Data items:
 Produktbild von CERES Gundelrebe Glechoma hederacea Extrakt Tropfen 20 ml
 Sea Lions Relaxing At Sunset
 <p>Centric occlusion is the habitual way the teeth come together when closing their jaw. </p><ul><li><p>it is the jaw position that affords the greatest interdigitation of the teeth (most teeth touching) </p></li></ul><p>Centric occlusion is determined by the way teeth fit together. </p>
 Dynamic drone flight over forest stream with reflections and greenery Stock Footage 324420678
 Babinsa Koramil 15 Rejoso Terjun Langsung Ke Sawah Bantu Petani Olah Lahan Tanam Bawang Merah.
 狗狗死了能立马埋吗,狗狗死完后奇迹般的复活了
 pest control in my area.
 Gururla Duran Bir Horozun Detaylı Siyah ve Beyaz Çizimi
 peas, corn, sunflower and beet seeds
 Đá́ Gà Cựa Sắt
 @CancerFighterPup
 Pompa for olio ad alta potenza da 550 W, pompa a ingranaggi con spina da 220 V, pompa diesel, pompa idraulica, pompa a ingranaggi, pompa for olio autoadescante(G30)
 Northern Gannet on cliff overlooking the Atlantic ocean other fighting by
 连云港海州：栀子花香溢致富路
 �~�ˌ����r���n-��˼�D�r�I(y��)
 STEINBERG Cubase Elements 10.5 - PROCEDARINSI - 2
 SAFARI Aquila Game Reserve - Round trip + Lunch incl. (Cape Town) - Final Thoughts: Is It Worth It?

Work required: Give back, word for word, the lines of the records that run from the one holding "STEINBERG Cubase Elements" to the very last.

Solution for this exercise:
 STEINBERG Cubase Elements 10.5 - PROCEDARINSI - 2
 SAFARI Aquila Game Reserve - Round trip + Lunch incl. (Cape Town) - Final Thoughts: Is It Worth It?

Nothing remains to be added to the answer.